The main purpose of this thesis is to theoretically illustrate the thermodynamics properties like phase equilibria and surface tensions in bulk phases of CO₂, SO₂ and their binary mixtures, and the adsorption-desorption behavior and separation capacity of these gases confined in zeolite and nanotube.To this end, the perturbed-chain statistical associating fluid theory (PC-SAFT) and density-gradient theory (DGT) were used to construct an equation of state (EOS) for the phase behaviors of the binary mixtures of carbon dioxide (CO₂) and sulfur dioxide (SO₂).

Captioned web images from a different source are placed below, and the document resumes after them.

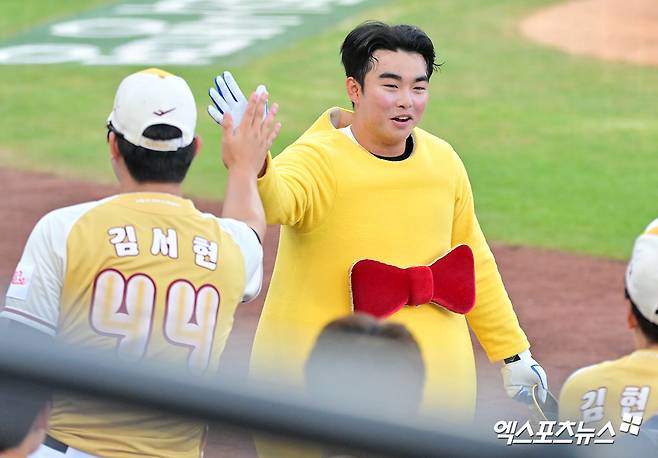 12일 오후 대전한화생명볼파크에서 열린 '2025 신한 SOL Bank KBO 올스타전' 드림 올스타와 나눔 올스타의 경기, 드림 올스타 문현빈이 득점 후 기뻐하고 있다. 엑스포츠뉴스 대전, 김한준 기자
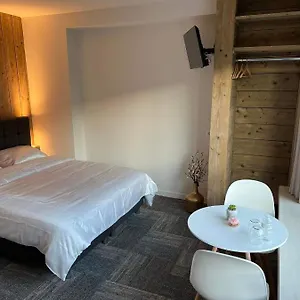 Nieuwe In Centrum Met Badkamer ! Bed & Breakfast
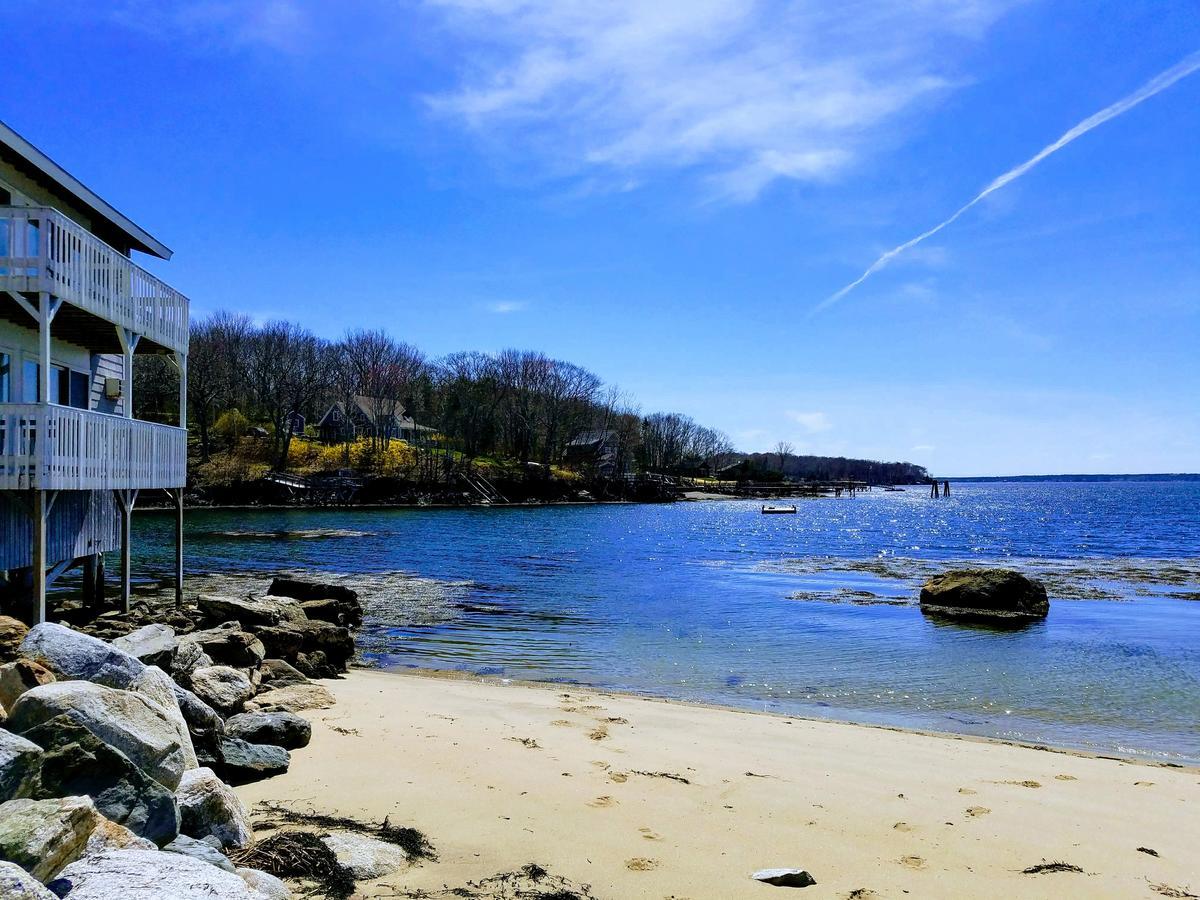 Smugglers Cove Inn Dayville Bagian luar foto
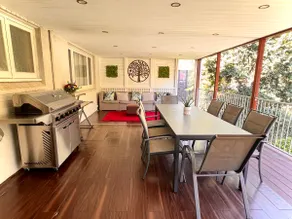 Comfy & convenient, 5 mins walk to train stations - Image 4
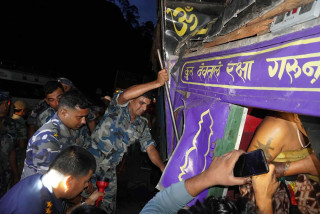  ट्रकको स्टेरिङमा च्यापिएका चालकलाई तीन घण्टापछि  झ्याल काटेर उद्वार 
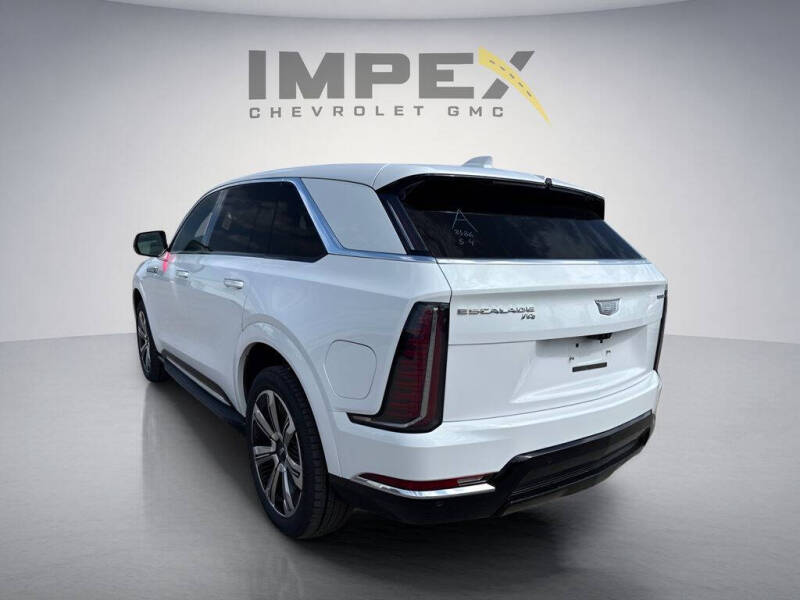 2025 Cadillac Escalade IQ Luxury 2
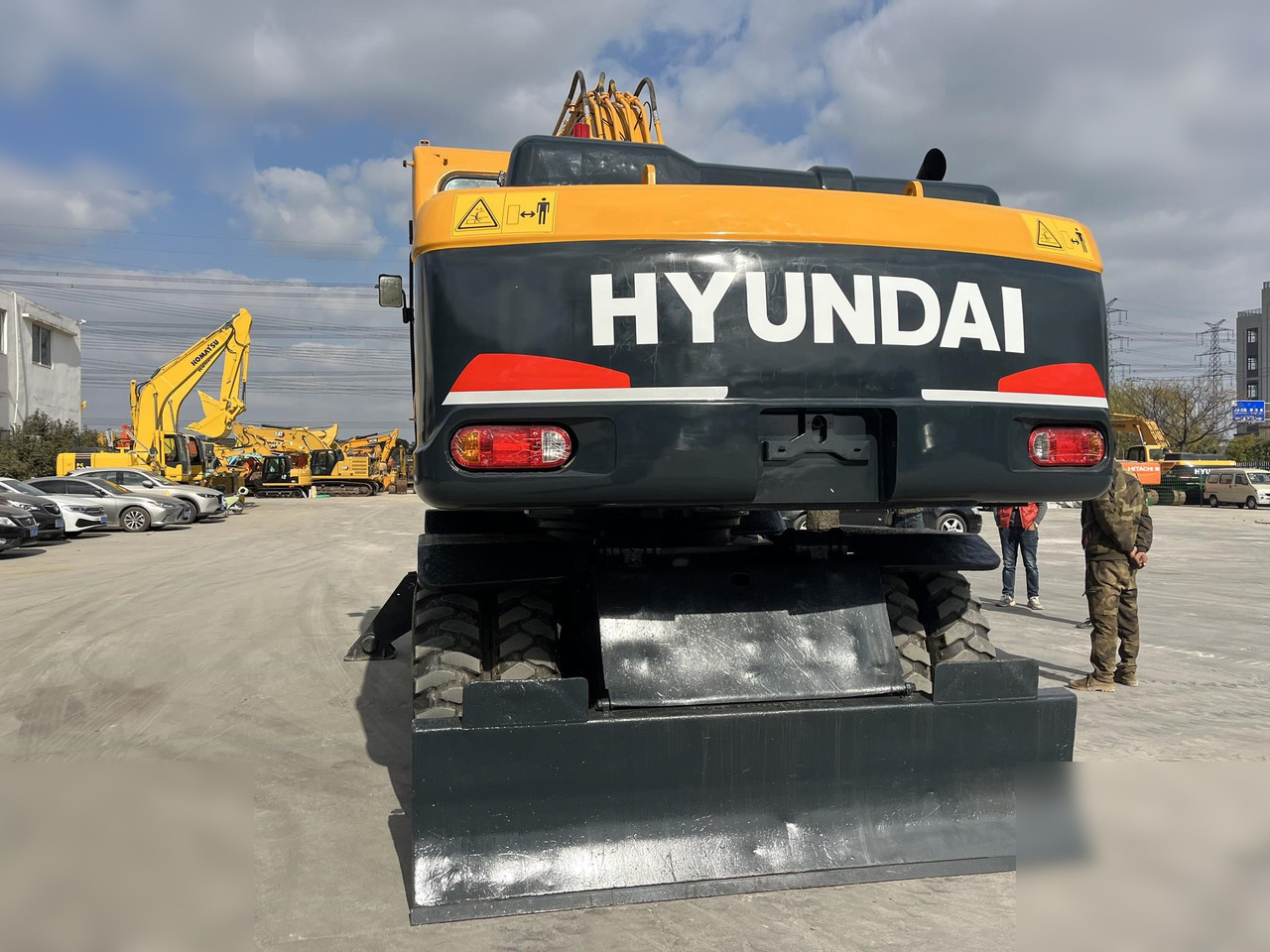 HYUNDAI ROBEX 210W-9 - Ratastel ekskavaator: pilt 4 HYUNDAI ROBEX 210W-9 - Ratastel ekskavaator: pilt 4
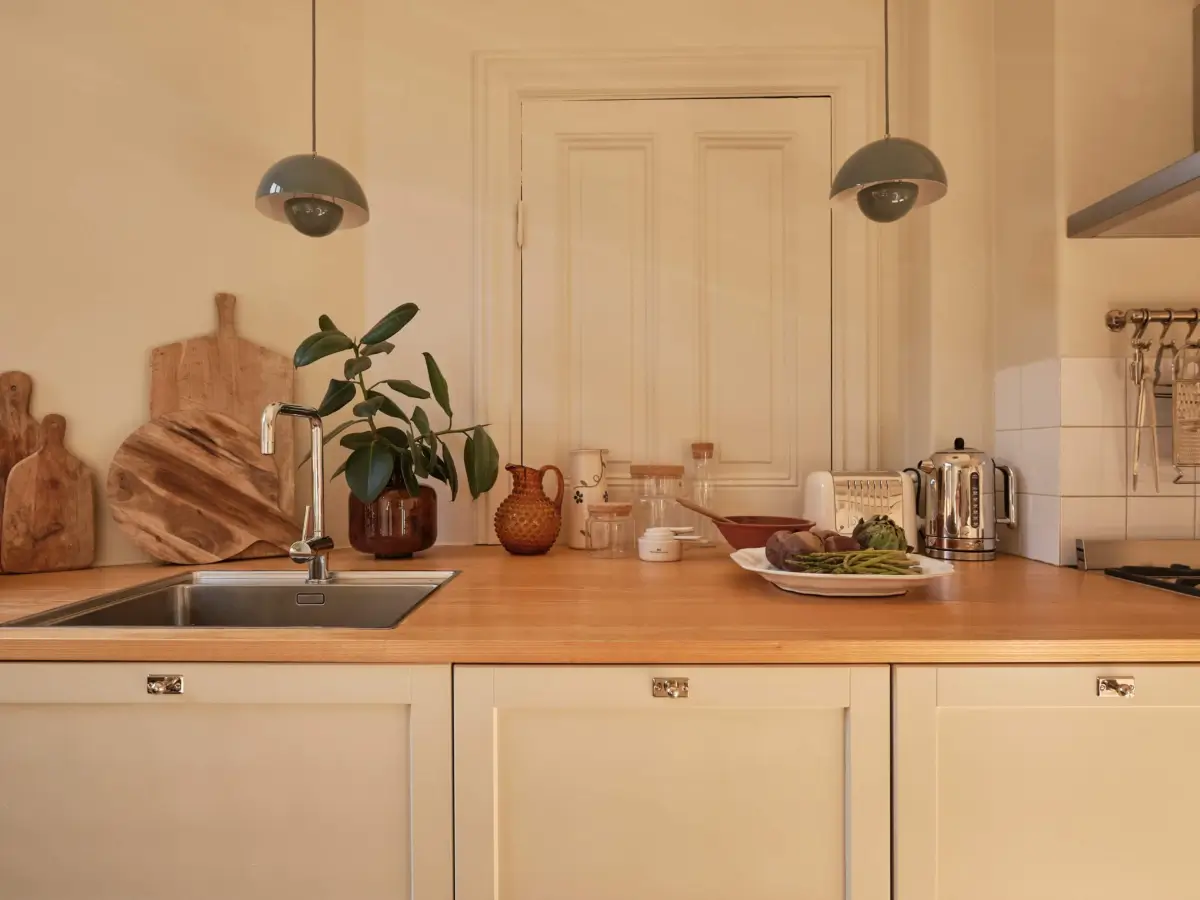Period Details and Soft Colors in a Grand Early 20th-Century Apartment 17 preserved-charm-spacious-stockholm-apartment-nordroom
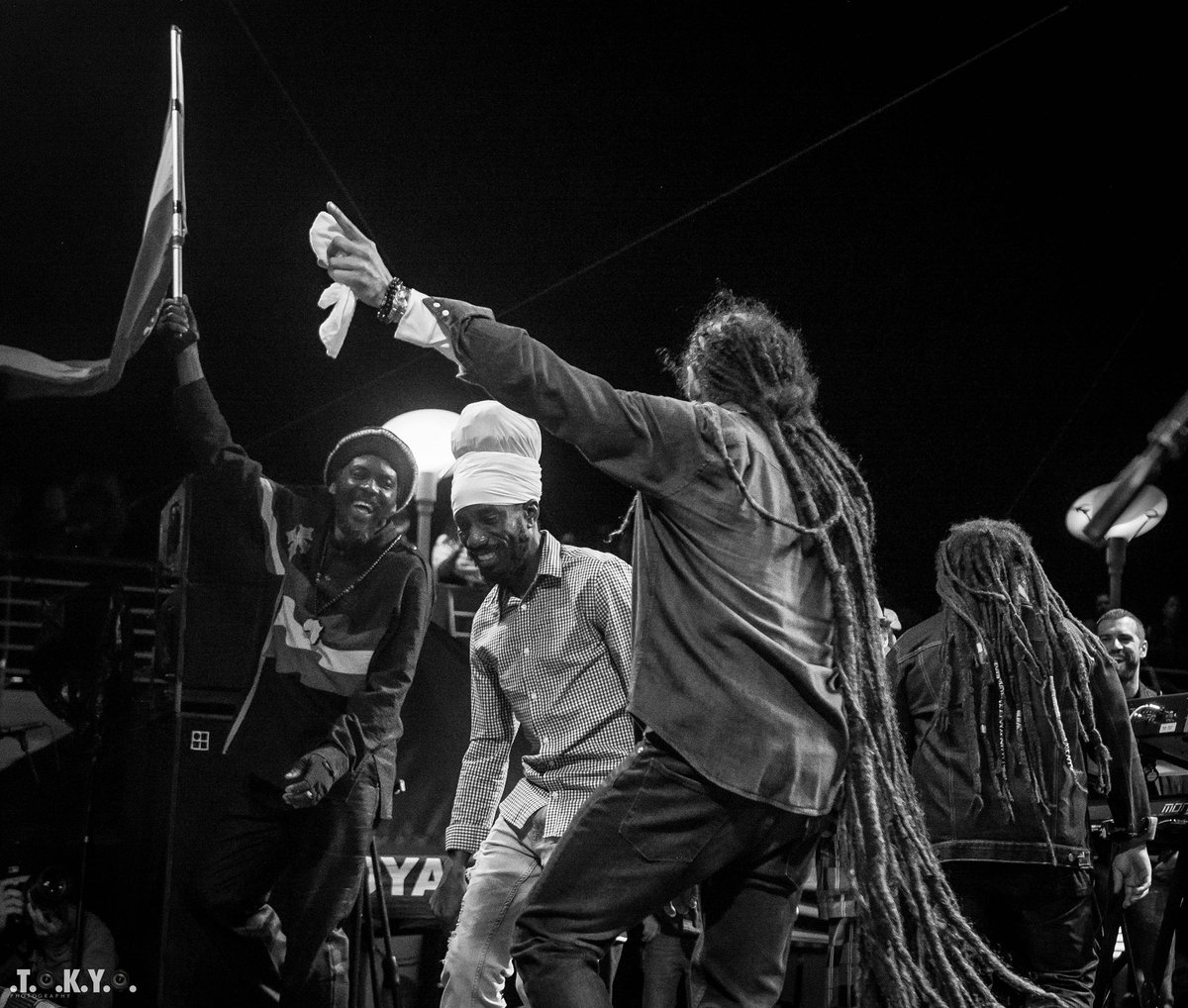 wtjrc's tweet photo. #fbf #Jamrock2017 @SizzlaKalonji @DamianMarley @StephenMarley #FlagmanJudah

📸 @iMTiZZyTOkYO 
#Flashback #Friday #WelcomeToJamrock #Reggae #Cruise #Jamaica #DamianMarley #Sizzla #StephenMarley #JrGong #Ragga #GoodVibes #OneLove #AllInTheSameBoat #Jamrock2022 #WTJRC https://t.co/R2rdYjCBqV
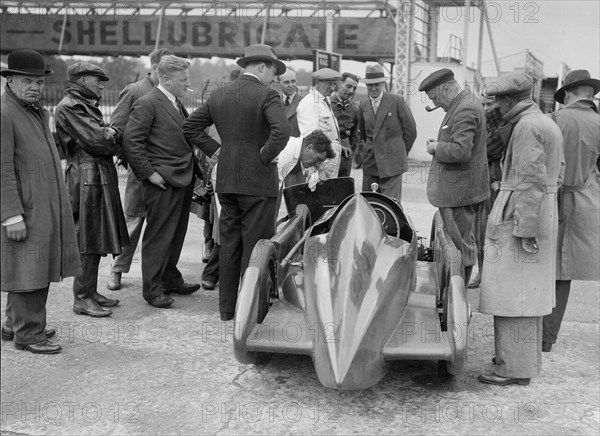 People examining Leon Cushman's Austin 7 racer at Brooklands for a speed record attempt, 1931. Artist: Bill Brunell.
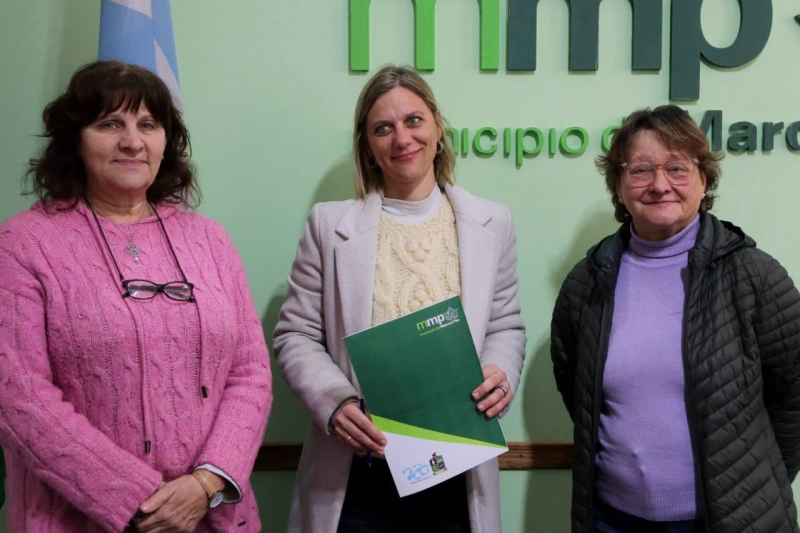 Entrega de apoyo econ&oacute;mico a la Escuela Agraria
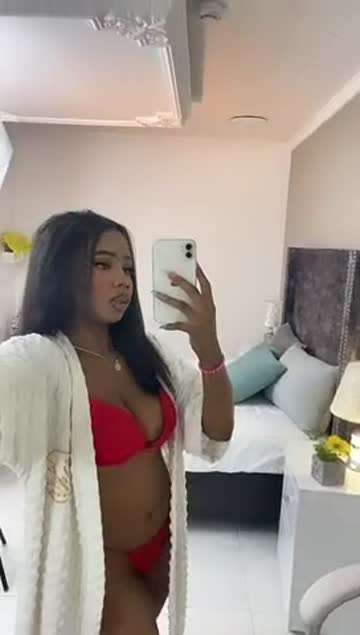18 years old ass cute 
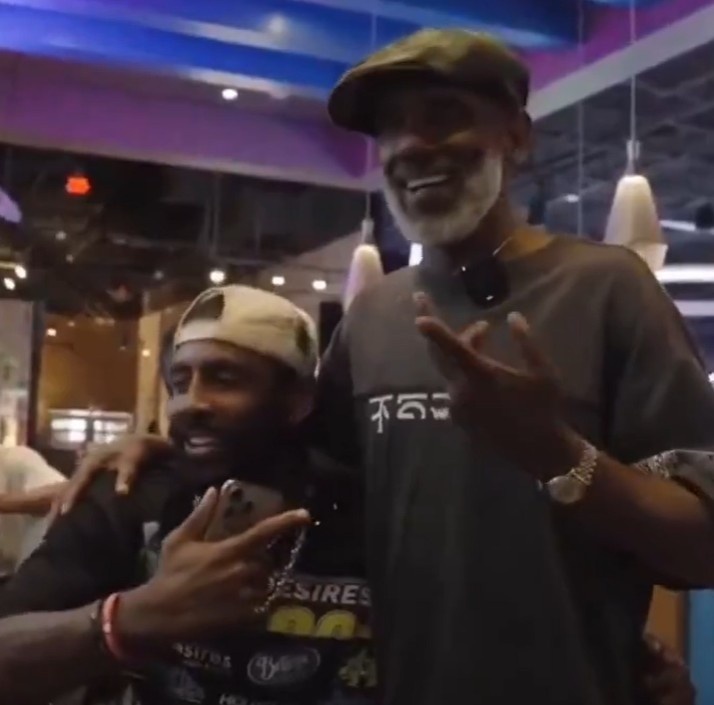 勒布朗对你而言是父亲的形象？欧文：我只有一个父亲 疯狂的问题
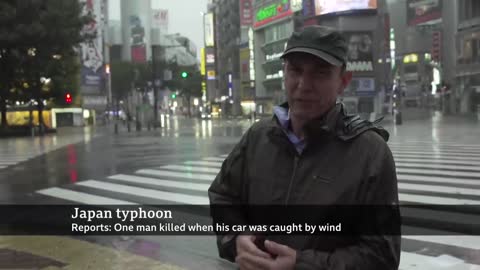 Japan hit by biggest typhoon in decades - BBC News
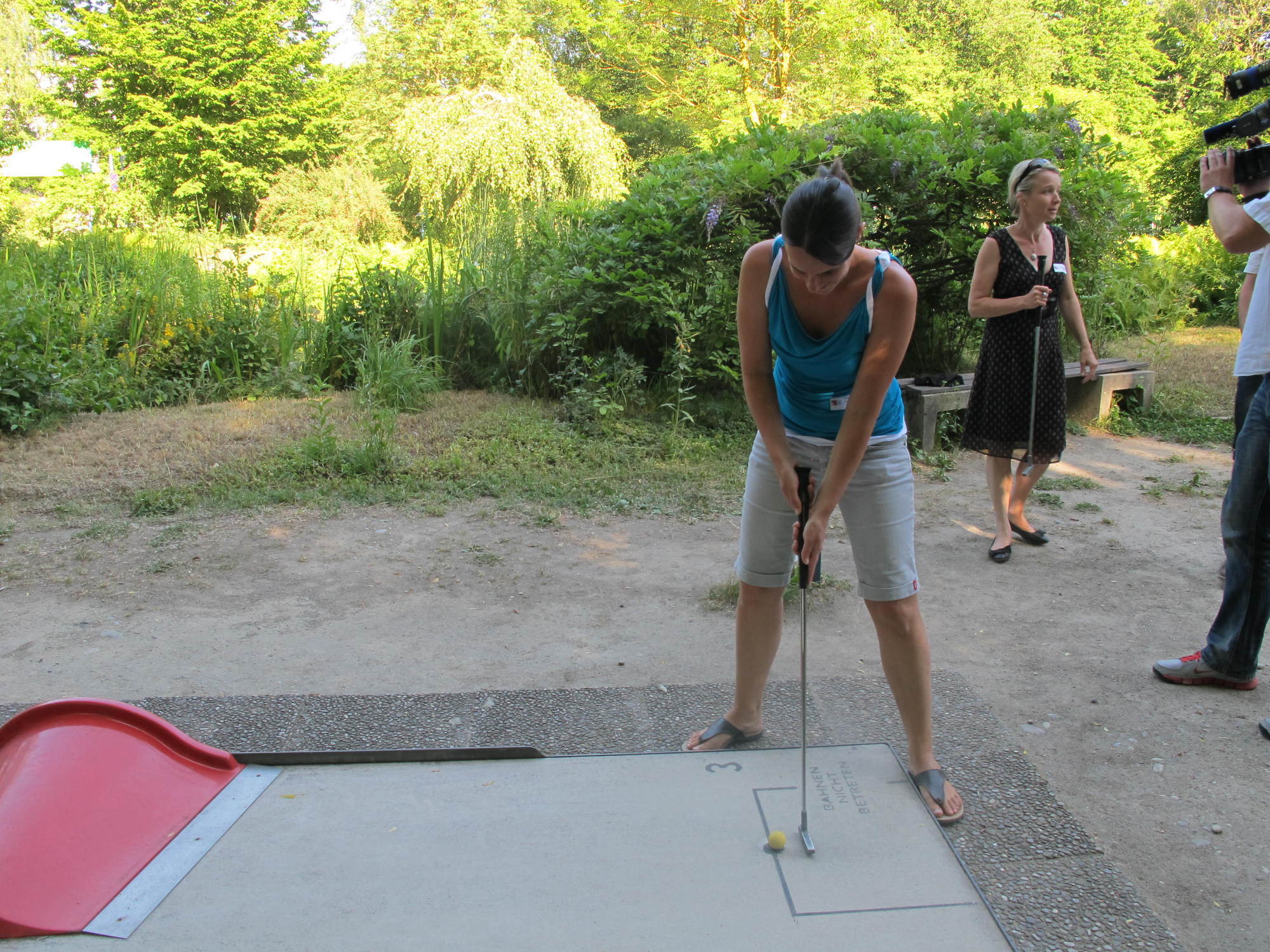 Zwischen Minigolf und Köstlichkeiten vom Grill kam das Netzwerken beim A³ Sommerfest nicht zu kurz. Fotos: B4B SCHWABEN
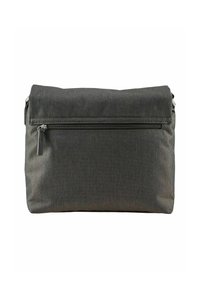 Graue Stoff-Umhängetasche mit umklappbarem Deckel, vorderer Reißverschlusstasche und verstellbarem Schultergurt. Leichtes, elegantes Design, das sich für den täglichen Gebrauch eignet.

The p-x diagrams at 263K and 333K, and the p-T diagrams corresponding to x CO₂=0.8871 and 0.6213 were satisfactorily calculated as compared to the experimental data. With the influence parameters of pure components and the equilibrium bulk properties of mixtures as input, the interfacial properties of CO₂-SO₂ binary mixtures in a wide temperature range were predicted, and the influences of temperature, pressure and bulk properties on the surface tension were discussed.Besides the theoretical work, the Monte Carlo simulation method was used to simulate the adsorption isotherms of CO₂, SO₂ and CO₂-SO₂ binary mixtures confined in zeolite and nanotube. The influence of temperature and pressure on the absorption capacity of CO₂ and SO₂ was analyzed. The optimized operation conditions for the separation of CO₂ and SO₂ was theoretically determined.